Another interpretation: In me is all hope. For in her is all hope, the ancients’ and ours. Or, all hope: since one should not but hope in any other except Christ and Mary. For cursed is the man who confides in man (Jer 17:5) in order to have eternal life and the way of virtue with which to fight against vice. Or, all hope of life. For death reigned in the world before the birth of the blessed Mary, death which was introduced by the first parents, who invited it with hands and word (Wis 1:16). But, through Mary, who begot Christ, death was suffocated. Wherefore Christ says I will be your death, O death (Hos 13:14).

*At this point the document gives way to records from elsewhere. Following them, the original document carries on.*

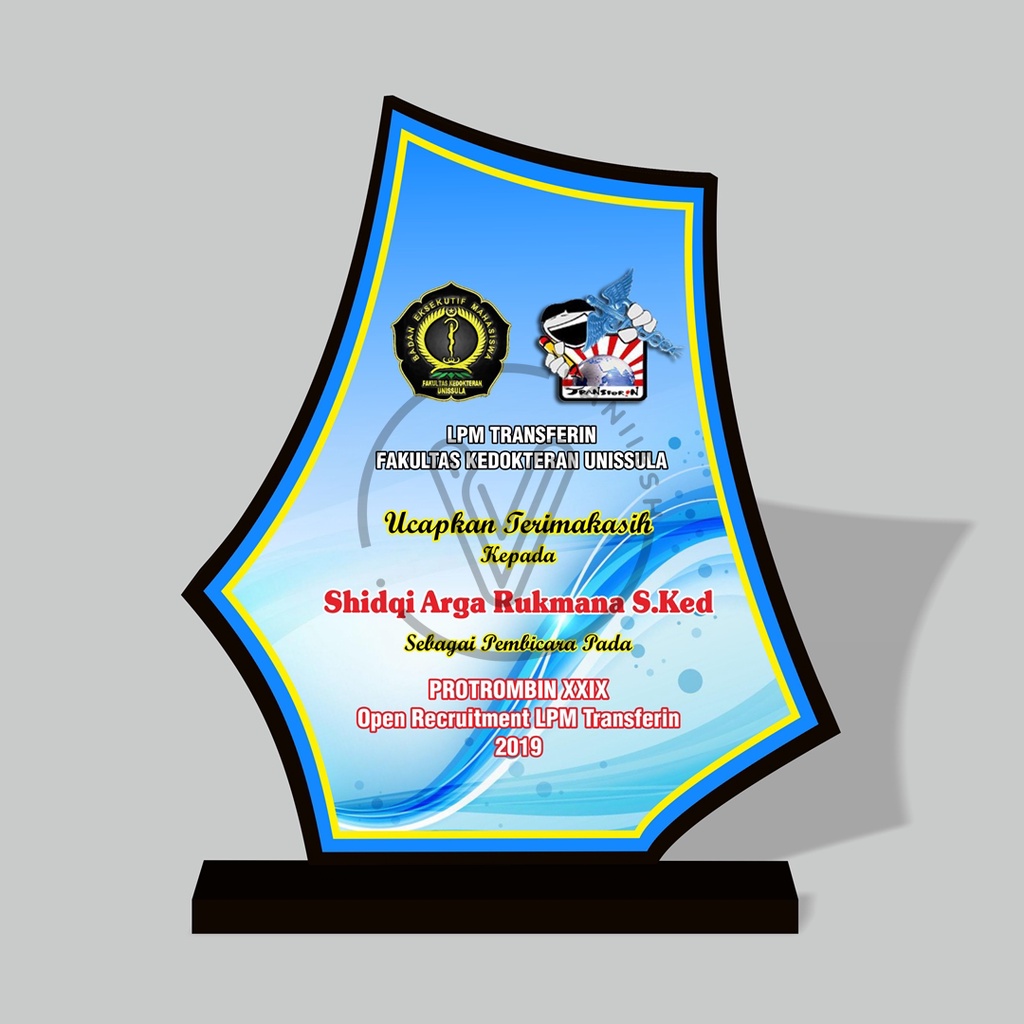 

Plakat Kayu Layar Segi Lima
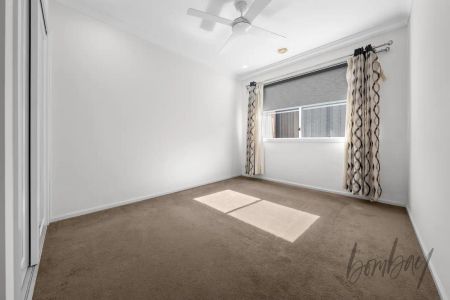 29 Oakgrove Drive, Craigieburn VIC 3064 - Photo 5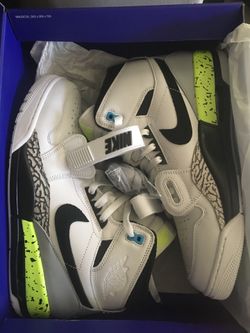 Nike Jordan Legacy 312 size 11.5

Another interpretation: Mary can truly say these words after she conceives the Savior. As if she said, “He is in me through assumption of the flesh, from which is all hope of triple life, life of nature, life of grace, life of glory, and of virtue.” Since He is the one Who gives virtue2 to the weary (Is 40:29) and, to those who are not, He multiplies strength and might. Or, “In me is all hope of virtue,” since she has in herself every theological and cardinal virtue. She also supplies those hoping in her with those virtues, by her prayers and examples. Therefore, we ought to hope in the blessed Virgin, for, as it says in Proverbs 29, he who hopes in the Lady, that is, Mary, which in Syriac is interpreted as “Lady,”3 shall be raised high (Prv 29:25), that is, raised up, and this both in the present and in the future. He shall be raised up, that is, above the flesh, the world, and the devil, through grace in the present; he shall be raised up through glory in the future.
3. Another interpretation: I am the mother of beautiful love, etc. Note that it says four things which can and ought to refer to the Son, Who is most beautiful and most to be loved, alone to be feared, to be known with all effort, and in Whom alone one is to hope. Therefore it says, I am the mother of beautiful love, that is, of Christ Who is beautiful, wherefore it says in Hebrews 1, Who, when He is the splendor of glory (Heb 1:3), etc., and this is proper to Him, because of His divinity. And in the Psalms, Handsome in form, not only beyond the sons of men, but even beyond the thousands of Angels (Ps 45:2). For someone says that His appearance was such with regard to His humanity, as appeared appeared in the Transfiguration, but He appeared despicable to men, which we do not say to assert it, but to report it. Again, Wisdom 7: He is the whiteness of eternal light and the mirror without spot, with regard to divinity (Wis 7:26). 1 Pet 1: On Whom the Angels desired to gaze (1 Pet 1:12). And at Whose beauty sun and moon marvel, and this is with regard to divinity. Again, He is handsome in form beyond the sons of men, and white and ruddy (Sgs 5:10): this is with regard to humanity.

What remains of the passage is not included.